Every line of the data should be written out exactly, with the pictures left out.

---- Data

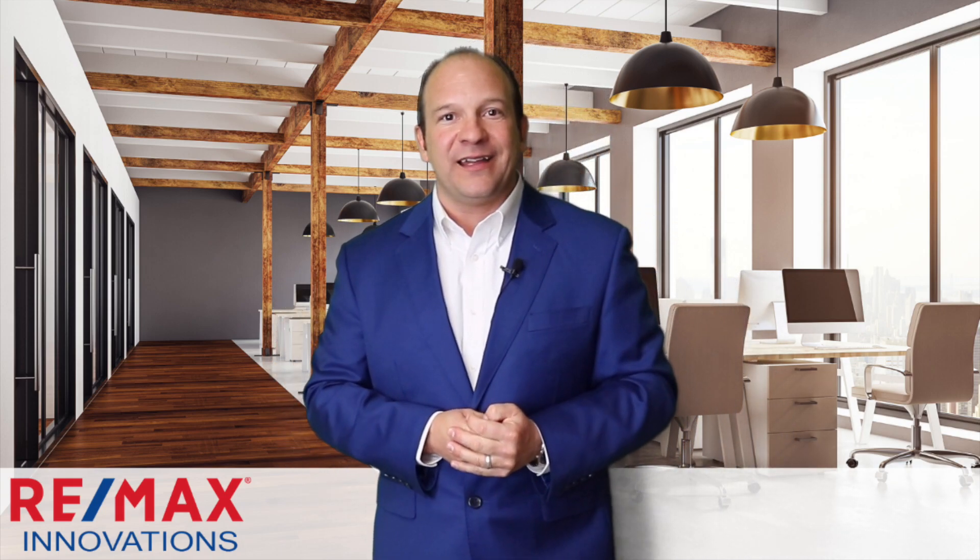Hi everybody, James Watrin here, and we're here today talking about the thing that's important to you and I when you're a consumer out purchasing something — your credit score and how do we increase it? I put a little video together for you to watch that's going to show you exactly what to do, and afterwards give me a call because we're going to help you get started. Thank you so much for your time and have a great day.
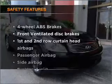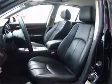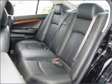If safety is a high priority, rest assured knowing that these top safety components are included: front ventilated disc brakes, passenger airbag, side airbag, curtain head airbags, and stability control. Call today to schedule a test drive.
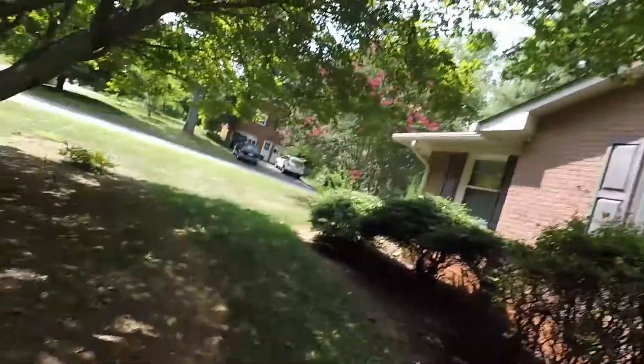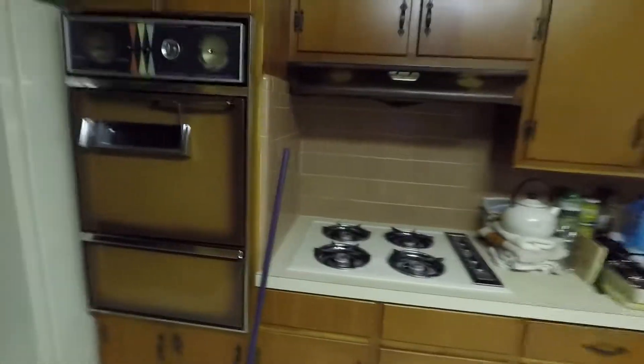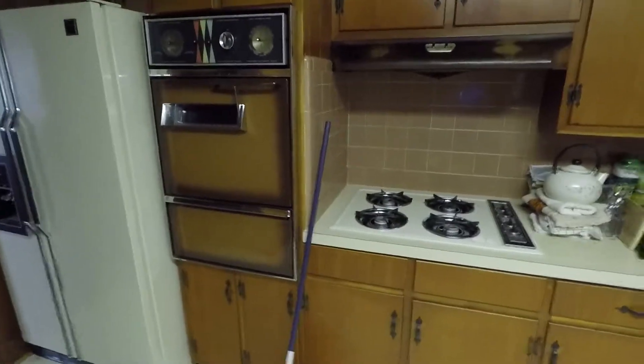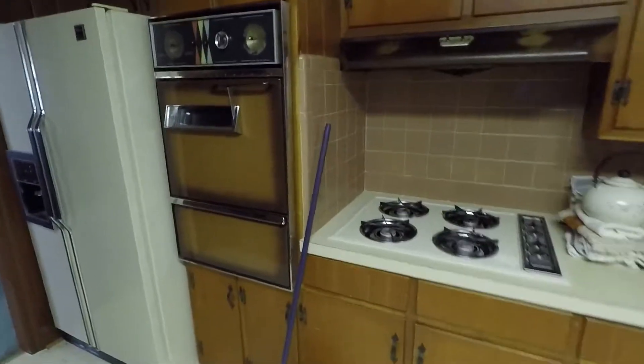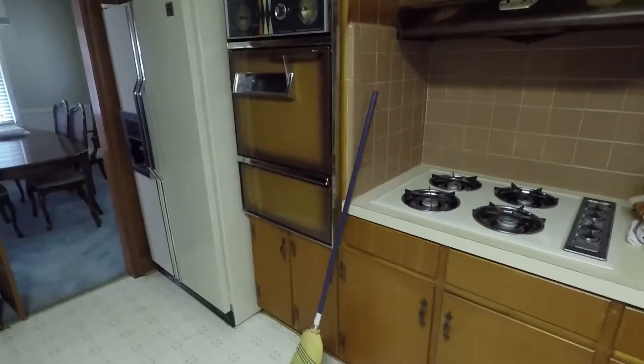Our first stop is in the kitchen, answering the question of do they make it like they used to. This house has some interesting touches that we don't see too often — original appliances. Built in 1961, that makes these appliances 56 years old, and believe it or not, they still work.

--------

• [Solution to the problem]:
Hi everybody, James Watrin here, and we're here today talking about the thing that's important to you and I when you're a consumer out purchasing something — your credit score and how do we increase it? I put a little video together for you to watch that's going to show you exactly what to do, and afterwards give me a call because we're going to help you get started. Thank you so much for your time and have a great day.
If safety is a high priority, rest assured knowing that these top safety components are included: front ventilated disc brakes, passenger airbag, side airbag, curtain head airbags, and stability control. Call today to schedule a test drive.
Our first stop is in the kitchen, answering the question of do they make it like they used to. This house has some interesting touches that we don't see too often — original appliances. Built in 1961, that makes these appliances 56 years old, and believe it or not, they still work.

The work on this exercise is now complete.